The line containing "PRO K0150-RED JP�X" marks where to begin. Write out that line and every line after it exactly, through the last line below.

[[ DATA SHOWN open ]]

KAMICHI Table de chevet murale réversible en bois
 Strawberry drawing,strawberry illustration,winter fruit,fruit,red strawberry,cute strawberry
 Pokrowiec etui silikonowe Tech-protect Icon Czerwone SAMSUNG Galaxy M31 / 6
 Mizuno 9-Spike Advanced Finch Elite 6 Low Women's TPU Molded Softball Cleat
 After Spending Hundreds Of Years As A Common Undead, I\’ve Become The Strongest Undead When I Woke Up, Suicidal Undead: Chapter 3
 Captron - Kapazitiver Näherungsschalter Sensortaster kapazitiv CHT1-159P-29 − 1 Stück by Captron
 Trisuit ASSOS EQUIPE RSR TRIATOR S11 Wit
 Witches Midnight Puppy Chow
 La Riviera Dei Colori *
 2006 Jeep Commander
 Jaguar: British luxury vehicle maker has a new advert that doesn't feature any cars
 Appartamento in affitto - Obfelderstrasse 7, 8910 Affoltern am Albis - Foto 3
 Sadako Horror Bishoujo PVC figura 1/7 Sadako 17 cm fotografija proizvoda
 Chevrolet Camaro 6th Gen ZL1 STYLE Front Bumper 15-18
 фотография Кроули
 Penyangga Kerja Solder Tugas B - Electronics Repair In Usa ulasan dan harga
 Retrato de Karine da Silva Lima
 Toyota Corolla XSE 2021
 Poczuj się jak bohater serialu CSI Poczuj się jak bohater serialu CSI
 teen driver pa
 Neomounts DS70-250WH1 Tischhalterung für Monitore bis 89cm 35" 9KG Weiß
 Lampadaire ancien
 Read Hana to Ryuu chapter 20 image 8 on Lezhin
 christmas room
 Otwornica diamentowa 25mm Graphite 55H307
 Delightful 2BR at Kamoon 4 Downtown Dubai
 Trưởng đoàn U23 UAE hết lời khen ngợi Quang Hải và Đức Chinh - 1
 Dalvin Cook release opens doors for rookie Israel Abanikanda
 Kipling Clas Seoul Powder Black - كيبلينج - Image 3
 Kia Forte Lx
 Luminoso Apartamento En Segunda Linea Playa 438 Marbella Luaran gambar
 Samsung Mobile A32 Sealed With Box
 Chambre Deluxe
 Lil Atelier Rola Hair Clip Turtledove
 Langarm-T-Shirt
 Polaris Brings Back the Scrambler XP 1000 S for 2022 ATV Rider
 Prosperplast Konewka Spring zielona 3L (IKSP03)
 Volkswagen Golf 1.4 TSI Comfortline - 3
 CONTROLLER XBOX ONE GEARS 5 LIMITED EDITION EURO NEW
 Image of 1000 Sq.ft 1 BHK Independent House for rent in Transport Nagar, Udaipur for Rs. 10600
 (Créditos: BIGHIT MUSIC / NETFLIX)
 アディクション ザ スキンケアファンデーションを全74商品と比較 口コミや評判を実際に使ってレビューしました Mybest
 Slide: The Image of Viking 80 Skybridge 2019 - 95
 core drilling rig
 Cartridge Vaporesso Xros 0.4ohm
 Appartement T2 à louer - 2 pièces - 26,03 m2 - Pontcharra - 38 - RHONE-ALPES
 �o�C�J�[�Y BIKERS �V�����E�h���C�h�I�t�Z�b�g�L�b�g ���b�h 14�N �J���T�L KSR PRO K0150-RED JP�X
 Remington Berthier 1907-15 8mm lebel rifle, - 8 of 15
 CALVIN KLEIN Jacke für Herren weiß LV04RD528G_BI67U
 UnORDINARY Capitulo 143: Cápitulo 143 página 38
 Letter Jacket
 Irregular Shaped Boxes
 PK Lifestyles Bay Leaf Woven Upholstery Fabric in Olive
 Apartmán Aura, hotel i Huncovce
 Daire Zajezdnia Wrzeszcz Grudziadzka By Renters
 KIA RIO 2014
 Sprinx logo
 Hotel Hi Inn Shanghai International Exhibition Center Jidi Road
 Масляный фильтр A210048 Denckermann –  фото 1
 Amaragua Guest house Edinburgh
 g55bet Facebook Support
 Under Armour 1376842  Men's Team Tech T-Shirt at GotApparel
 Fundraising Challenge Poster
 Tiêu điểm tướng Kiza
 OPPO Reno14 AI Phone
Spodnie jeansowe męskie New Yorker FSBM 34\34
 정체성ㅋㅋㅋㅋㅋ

[[ DATA SHOWN closed ]]

» **EXERCISE ANSWER**
 �o�C�J�[�Y BIKERS �V�����E�h���C�h�I�t�Z�b�g�L�b�g ���b�h 14�N �J���T�L KSR PRO K0150-RED JP�X
 Remington Berthier 1907-15 8mm lebel rifle, - 8 of 15
 CALVIN KLEIN Jacke für Herren weiß LV04RD528G_BI67U
 UnORDINARY Capitulo 143: Cápitulo 143 página 38
 Letter Jacket
 Irregular Shaped Boxes
 PK Lifestyles Bay Leaf Woven Upholstery Fabric in Olive
 Apartmán Aura, hotel i Huncovce
 Daire Zajezdnia Wrzeszcz Grudziadzka By Renters
 KIA RIO 2014
 Sprinx logo
 Hotel Hi Inn Shanghai International Exhibition Center Jidi Road
 Масляный фильтр A210048 Denckermann –  фото 1
 Amaragua Guest house Edinburgh
 g55bet Facebook Support
 Under Armour 1376842  Men's Team Tech T-Shirt at GotApparel
 Fundraising Challenge Poster
 Tiêu điểm tướng Kiza
 OPPO Reno14 AI Phone
Spodnie jeansowe męskie New Yorker FSBM 34\34
 정체성ㅋㅋㅋㅋㅋ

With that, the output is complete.